Ferris Bueller's Day Off - Production - Filming

Filming

"Chicago is what I am", said Hughes. "A lot of Ferris is sort of my love letter to the city. And the more people who get upset with the fact that I film there, the more I'll make sure that's exactly where I film. It's funny—nobody ever says anything to Woody Allen about always filming in New York. America has this great reverence for New York. I look at it as this decaying horror pit. So let the people in Chicago enjoy Ferris Bueller."

For the film, Hughes got the chance to take a more expansive look at the city he grew up in. "We took a helicopter up the Chicago River.

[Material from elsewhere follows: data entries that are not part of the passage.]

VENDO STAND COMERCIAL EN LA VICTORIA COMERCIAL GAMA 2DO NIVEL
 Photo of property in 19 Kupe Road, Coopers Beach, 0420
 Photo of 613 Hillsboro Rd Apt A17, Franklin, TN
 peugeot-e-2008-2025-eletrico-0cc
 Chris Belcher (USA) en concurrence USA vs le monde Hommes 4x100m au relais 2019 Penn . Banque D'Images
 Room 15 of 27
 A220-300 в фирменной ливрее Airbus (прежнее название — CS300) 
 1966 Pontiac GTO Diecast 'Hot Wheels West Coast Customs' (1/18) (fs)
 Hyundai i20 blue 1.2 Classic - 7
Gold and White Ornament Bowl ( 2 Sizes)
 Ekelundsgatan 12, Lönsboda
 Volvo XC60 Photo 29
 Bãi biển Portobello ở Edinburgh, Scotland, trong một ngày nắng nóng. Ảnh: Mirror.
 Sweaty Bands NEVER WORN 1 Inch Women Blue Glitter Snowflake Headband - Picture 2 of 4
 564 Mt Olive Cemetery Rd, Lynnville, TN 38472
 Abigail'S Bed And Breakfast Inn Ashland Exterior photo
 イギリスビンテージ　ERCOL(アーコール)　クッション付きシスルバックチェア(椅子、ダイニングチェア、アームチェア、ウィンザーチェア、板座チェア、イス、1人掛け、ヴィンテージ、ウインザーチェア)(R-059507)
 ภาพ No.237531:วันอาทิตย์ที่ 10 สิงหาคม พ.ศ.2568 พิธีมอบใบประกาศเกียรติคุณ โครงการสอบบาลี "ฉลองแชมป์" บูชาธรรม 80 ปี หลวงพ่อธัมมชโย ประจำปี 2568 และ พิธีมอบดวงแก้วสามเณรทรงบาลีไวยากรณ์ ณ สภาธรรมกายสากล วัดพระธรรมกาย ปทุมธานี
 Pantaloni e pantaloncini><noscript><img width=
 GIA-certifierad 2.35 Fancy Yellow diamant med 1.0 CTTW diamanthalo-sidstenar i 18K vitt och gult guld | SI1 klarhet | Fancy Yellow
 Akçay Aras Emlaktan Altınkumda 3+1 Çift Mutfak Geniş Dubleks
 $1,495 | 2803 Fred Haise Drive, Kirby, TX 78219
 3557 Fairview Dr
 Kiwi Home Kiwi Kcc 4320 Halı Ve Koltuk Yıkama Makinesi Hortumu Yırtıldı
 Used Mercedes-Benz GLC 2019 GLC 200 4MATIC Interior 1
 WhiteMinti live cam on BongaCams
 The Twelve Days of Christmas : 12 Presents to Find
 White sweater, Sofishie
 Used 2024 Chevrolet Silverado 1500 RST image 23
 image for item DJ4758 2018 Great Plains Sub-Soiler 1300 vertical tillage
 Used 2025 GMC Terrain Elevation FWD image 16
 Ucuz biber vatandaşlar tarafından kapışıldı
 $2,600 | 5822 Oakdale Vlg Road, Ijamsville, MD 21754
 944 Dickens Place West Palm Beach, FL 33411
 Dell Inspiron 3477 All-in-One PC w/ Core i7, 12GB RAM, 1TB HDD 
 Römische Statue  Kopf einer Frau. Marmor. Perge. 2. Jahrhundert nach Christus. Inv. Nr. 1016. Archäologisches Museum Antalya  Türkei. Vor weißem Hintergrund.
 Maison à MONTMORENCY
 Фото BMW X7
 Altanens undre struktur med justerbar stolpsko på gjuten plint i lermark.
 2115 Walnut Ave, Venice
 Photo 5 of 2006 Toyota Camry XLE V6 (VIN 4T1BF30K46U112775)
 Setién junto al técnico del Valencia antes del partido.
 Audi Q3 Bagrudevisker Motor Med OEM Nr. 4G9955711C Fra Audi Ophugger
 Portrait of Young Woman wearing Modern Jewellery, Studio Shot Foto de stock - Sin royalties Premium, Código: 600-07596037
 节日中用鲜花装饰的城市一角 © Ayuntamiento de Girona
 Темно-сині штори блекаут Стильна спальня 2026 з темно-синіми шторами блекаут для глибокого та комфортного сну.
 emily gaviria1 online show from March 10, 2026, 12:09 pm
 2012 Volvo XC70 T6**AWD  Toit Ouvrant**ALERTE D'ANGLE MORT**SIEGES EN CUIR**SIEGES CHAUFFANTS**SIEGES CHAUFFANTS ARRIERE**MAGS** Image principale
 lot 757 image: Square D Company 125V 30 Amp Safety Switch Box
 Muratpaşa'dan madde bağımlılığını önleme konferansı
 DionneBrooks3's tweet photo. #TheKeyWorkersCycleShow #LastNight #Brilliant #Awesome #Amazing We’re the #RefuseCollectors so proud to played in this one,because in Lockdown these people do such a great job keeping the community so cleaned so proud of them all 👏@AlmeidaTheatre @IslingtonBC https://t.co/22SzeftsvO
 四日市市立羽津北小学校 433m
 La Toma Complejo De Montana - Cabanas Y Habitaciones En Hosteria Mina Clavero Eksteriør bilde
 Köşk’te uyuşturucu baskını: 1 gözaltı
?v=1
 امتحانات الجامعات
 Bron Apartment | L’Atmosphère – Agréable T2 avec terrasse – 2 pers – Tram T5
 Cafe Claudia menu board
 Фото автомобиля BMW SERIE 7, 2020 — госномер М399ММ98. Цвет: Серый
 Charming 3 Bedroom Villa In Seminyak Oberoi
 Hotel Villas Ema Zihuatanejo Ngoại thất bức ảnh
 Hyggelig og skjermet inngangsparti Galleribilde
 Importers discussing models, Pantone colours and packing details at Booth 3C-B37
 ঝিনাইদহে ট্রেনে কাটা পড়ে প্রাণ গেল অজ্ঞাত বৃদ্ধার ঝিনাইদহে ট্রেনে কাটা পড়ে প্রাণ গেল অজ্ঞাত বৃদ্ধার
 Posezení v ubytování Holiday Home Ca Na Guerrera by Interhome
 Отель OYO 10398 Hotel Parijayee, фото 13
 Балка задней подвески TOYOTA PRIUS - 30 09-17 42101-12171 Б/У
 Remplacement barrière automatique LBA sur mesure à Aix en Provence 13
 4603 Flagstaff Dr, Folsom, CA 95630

This is the first chance I'd really had to get outside while making a movie. Up to this point, the pictures had been pretty small. I really wanted to capture as much of Chicago as I could, not just the architecture and the landscape, but the spirit."

Shooting began in Chicago just after Labor Day weekend, on Monday, September 9, 1985. In late October 1985, the production moved to Los Angeles; shooting ended on Friday, November 22. The Von Steuben Day Parade scene was filmed on Saturday, September 28. The majority of the film was shot in and around New Trier High School's Freshman campus in Northfield, formerly known as New Trier West. Scenes were also filmed at several locations in downtown Chicago and Winnetka (Ferris's home, his mother's real estate office, etc.). Many of the other scenes were filmed in Northbrook, Illinois, including at Glenbrook North High School, on School Drive, the famous long curvy street on which Glenbrook North and neighboring Maple Middle School are situated. Many students at the school served as extras. Most of the school's interior shots were filmed at the shuttered Maine North High School. The exterior of Ferris's house is located at 4160 Country Club Drive, Long Beach, California.

The modernist house of Cameron Frye is located at 370 Beech Street, Highland Park, Illinois 60035, known as Ben Rose House designed by architects A. James Speyer, who designed the main building in 1954, and David Haid, who designed the pavilion in 1974, and once owned by photographer Ben Rose. Ben Rose had a car collection in the pavilion, as Cameron's father has the Ferrari 250 GT California in the same pavilion in the movie. According to Lake Forest College art professor Franz Shulze, during the filming of the Ferrari-crashing-through-the-garage-window sequence Haid explained to Hughes that he could prevent the car from damaging the rest of the pavilion. Haid fixed connections in the wall and the building remained intact. Haid said to Hughes afterward, "you owe me $25,000", which Hughes paid. Other scenes were shot in Chicago, River Forest, Oak Park, Northbrook, Highland Park, Glencoe and Winnetka, Lake Forest and Long Beach, California.

A passionate Beatles fan, Hughes makes multiple references to them and John Lennon in the script. During filming, Hughes "listened to The White Album every single day for fifty-six days". Hughes also pays tribute to his childhood hero Gordie Howe with Cameron's Detroit Red Wings jersey. "I sent them the jersey", said Howe. "It was nice seeing the No. 9 on the big screen."